And that’s when she realized her blood would join that stain.

“No!” Golden tried to cry out, but she only made a squeal.

The tableau was frozen like that for a long second, and then was broken as the doors slid open once more.

The executioners were more surprised by that than Golden, who was still trying to process the inevitability of death.

“Not today, gentlemen.”

Golden felt a rush of relief hearing Hannah’s voice.

One of the executioners spoke for the first time. “We have authorization.”

“From a traitor,” Hannah said.

Golden felt a hand around her arm, and she was lifted to her feet. Hannah looked calm and businesslike, but she held a gun in her other hand, not aimed at anyone, but more as a leveling of the playing field.

“I’m Hannah.”

The three men took a step back. Glances were exchanged. “The Cellar?” one of them asked.
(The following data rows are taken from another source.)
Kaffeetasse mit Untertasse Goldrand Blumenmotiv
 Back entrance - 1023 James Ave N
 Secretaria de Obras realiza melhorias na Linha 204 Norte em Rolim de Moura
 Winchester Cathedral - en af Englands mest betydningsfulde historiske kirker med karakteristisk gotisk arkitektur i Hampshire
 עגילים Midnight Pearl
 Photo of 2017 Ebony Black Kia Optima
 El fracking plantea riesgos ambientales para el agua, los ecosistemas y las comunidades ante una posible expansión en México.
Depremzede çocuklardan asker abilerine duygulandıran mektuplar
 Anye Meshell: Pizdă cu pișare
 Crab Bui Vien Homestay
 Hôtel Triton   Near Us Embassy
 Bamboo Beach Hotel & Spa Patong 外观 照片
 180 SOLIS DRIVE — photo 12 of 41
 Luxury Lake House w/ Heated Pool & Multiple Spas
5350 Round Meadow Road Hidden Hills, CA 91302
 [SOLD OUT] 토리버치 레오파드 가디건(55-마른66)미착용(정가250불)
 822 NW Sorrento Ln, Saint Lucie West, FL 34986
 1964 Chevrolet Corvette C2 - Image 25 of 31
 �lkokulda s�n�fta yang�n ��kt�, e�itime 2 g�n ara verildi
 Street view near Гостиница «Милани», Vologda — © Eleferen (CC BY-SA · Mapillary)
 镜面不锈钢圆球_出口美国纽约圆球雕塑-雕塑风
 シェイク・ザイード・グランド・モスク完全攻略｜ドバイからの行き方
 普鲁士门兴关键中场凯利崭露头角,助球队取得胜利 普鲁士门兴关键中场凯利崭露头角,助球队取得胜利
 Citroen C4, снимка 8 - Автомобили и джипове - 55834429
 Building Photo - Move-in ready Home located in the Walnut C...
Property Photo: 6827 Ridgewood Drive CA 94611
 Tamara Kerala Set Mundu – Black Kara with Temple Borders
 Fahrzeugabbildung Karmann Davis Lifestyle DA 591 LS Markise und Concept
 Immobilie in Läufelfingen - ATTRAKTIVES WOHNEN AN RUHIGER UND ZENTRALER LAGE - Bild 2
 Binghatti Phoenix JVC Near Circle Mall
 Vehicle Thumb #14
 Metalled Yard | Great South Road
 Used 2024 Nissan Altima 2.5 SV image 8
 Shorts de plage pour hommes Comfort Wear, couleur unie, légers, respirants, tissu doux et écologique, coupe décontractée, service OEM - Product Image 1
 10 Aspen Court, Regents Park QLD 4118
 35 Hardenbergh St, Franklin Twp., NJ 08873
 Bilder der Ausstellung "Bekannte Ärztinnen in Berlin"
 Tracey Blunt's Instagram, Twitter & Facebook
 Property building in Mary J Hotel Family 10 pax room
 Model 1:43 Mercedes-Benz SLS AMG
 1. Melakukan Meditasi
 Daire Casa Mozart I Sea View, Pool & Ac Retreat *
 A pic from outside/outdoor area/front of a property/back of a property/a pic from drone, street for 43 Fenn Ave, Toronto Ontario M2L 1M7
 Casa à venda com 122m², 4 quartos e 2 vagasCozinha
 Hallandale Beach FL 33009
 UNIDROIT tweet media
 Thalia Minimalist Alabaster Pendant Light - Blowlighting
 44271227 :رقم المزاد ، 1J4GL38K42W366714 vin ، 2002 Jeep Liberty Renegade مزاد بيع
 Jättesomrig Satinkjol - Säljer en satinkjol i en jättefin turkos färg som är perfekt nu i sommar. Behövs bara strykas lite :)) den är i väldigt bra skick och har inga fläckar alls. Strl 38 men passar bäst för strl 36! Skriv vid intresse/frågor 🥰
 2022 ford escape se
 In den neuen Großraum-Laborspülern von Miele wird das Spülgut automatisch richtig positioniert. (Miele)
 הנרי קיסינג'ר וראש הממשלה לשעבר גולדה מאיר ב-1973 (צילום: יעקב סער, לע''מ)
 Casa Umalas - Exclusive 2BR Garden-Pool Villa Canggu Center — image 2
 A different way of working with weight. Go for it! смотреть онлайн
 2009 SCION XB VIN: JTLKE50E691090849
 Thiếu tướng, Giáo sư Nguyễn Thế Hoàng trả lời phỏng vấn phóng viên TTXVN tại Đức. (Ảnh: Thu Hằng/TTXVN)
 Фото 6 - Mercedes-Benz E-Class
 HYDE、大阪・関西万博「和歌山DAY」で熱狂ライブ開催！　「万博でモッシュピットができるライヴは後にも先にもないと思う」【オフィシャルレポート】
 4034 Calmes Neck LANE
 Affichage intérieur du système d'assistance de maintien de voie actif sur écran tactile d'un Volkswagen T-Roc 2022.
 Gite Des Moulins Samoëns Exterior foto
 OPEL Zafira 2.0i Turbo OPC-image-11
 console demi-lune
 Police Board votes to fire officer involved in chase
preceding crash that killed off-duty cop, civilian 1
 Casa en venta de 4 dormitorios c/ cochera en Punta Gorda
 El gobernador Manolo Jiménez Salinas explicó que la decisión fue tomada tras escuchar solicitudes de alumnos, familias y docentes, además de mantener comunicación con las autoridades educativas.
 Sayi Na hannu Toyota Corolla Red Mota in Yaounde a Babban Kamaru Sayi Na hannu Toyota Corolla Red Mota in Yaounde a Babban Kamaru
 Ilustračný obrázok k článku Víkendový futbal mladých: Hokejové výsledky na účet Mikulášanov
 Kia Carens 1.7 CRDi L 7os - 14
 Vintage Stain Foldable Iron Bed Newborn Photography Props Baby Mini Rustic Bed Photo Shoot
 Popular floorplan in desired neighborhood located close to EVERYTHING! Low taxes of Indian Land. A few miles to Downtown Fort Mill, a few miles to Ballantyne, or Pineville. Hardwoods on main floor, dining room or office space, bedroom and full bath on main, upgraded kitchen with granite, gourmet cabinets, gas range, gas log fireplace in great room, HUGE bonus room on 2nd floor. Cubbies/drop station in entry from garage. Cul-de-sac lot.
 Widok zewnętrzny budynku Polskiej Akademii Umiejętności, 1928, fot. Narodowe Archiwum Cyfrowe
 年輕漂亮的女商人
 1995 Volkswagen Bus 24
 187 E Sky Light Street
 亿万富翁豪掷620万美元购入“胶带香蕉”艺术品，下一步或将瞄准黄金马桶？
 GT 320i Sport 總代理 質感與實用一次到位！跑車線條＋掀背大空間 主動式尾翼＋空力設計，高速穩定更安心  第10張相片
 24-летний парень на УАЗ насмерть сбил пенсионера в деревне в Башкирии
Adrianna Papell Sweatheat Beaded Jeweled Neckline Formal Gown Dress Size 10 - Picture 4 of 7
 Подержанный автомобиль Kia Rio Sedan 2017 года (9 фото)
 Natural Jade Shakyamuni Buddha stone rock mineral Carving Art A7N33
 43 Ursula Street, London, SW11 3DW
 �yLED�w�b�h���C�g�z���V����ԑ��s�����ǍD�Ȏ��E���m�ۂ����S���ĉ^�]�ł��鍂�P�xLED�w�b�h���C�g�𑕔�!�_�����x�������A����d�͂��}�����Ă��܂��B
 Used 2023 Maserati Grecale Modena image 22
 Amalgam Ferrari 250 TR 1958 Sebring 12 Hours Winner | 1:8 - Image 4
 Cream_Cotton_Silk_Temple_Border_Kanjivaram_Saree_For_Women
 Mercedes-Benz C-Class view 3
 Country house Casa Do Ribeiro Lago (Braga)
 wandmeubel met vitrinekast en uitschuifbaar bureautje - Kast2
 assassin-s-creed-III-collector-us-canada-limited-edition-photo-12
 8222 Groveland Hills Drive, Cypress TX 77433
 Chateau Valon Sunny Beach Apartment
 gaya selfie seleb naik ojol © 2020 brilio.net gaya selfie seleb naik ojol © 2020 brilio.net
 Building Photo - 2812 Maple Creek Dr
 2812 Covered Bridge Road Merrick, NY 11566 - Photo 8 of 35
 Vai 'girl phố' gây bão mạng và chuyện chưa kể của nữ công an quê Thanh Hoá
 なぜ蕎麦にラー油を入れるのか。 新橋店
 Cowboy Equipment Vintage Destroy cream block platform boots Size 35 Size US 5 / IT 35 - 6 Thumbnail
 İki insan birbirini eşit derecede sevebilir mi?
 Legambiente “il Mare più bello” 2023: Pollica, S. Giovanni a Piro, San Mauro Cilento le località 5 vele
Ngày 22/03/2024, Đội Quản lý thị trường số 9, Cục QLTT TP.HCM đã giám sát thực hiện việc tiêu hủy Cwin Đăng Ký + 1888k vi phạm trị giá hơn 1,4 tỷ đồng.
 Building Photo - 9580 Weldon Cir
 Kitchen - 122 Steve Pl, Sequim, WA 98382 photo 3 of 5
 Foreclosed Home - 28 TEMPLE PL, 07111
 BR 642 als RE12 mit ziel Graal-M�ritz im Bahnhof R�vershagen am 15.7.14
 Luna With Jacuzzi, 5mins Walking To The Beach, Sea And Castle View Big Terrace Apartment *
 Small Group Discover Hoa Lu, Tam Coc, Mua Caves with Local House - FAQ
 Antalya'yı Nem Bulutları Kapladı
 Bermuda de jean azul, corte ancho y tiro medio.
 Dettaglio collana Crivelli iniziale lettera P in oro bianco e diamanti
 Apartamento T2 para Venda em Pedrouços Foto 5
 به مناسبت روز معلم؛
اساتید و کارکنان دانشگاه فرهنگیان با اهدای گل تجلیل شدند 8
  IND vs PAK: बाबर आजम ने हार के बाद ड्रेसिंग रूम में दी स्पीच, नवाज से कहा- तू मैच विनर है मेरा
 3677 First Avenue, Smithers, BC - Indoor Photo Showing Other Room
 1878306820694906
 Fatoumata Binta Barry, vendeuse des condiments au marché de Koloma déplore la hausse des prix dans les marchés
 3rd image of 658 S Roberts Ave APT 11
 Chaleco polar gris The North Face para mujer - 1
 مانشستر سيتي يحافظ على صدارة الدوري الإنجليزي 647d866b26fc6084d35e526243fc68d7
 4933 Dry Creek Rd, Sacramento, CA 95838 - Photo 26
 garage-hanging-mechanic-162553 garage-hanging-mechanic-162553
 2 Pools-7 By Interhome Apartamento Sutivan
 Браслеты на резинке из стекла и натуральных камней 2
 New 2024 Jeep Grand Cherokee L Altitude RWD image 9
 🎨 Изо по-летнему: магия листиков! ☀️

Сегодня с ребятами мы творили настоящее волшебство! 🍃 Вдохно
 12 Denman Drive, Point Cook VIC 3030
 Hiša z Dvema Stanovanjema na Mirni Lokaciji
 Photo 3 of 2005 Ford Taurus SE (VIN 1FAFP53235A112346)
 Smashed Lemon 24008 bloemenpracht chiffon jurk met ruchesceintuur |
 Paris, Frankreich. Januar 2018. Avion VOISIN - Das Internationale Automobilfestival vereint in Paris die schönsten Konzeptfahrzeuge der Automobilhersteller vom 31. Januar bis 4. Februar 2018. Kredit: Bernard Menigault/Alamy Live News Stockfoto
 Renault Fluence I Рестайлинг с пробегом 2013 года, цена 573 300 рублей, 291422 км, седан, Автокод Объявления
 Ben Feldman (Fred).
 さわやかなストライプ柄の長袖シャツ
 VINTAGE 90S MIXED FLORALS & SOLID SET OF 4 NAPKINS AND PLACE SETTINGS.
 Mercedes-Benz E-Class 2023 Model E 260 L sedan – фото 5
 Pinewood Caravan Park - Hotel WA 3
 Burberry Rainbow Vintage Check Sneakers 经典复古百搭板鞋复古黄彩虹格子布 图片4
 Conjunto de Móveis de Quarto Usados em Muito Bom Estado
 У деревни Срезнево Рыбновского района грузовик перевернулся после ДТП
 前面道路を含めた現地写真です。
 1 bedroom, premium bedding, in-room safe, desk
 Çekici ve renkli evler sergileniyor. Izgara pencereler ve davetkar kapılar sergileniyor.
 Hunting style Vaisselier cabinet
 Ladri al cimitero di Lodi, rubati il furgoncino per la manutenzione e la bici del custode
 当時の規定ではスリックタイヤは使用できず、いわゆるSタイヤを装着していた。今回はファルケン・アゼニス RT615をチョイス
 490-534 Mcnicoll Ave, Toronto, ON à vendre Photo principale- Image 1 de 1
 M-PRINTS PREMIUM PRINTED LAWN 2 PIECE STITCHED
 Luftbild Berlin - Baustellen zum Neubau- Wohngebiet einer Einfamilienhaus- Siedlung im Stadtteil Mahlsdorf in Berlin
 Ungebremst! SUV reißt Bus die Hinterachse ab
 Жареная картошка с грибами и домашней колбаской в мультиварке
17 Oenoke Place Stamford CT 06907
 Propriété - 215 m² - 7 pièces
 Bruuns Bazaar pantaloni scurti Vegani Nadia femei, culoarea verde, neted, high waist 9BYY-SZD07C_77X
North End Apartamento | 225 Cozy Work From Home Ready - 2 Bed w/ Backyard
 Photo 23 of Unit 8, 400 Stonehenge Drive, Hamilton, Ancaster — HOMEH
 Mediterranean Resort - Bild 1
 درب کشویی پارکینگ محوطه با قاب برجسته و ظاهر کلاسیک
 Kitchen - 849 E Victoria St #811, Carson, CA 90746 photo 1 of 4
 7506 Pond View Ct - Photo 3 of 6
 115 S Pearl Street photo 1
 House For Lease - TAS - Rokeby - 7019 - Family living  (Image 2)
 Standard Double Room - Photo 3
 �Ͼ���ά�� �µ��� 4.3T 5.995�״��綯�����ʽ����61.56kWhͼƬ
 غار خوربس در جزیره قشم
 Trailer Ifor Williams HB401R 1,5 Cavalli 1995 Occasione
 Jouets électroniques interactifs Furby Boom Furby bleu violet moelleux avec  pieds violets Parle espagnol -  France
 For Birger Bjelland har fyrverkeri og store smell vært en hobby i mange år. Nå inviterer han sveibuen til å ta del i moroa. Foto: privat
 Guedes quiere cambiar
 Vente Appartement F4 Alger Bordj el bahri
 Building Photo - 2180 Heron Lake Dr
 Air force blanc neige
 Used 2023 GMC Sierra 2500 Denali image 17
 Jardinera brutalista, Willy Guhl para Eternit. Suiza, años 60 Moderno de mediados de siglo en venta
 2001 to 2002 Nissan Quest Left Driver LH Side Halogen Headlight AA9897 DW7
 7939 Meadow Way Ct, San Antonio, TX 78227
“The same.” Hannah pointed at Golden. “She works for me. Please cut her hands free.”

One of the men whipped out a knife and expertly severed the zip tie with a single slash. He slid the knife back into the sheath without missing a beat.

“Foreman is rogue,” Hannah said. “Correct, Doctor Golden?”

Golden could only manage to shake her head in the affirmative.

“Have a good day, gentlemen.” Hannah took Golden’s elbow and led her into the booth. It was slightly crowded, but Golden didn’t notice. The doors slid shut and they began moving.

“They were going to kill me,” Golden finally managed to say.

“Yes.”

“Why?”

“Foreman had his office rigged with an IR alert if it was compromised. You compromised it. He had a standing order with those who rule that place to terminate anyone who made unauthorized entry.”

“How did you know that?” Golden asked.

“I didn’t. I’m surmising that based on the evidence.”

“But then why did you come?”

“Because there’s something wrong about Foreman,” Hannah said. “What did you discover?”

“There is something wrong about Foreman.”

“Let’s go to New York,” Hannah said.

“He stayed at that hotel,” the Asset said, pointing out the window of the car. “He would order room service. Drink at the bar in the evenings. That was pretty much it.”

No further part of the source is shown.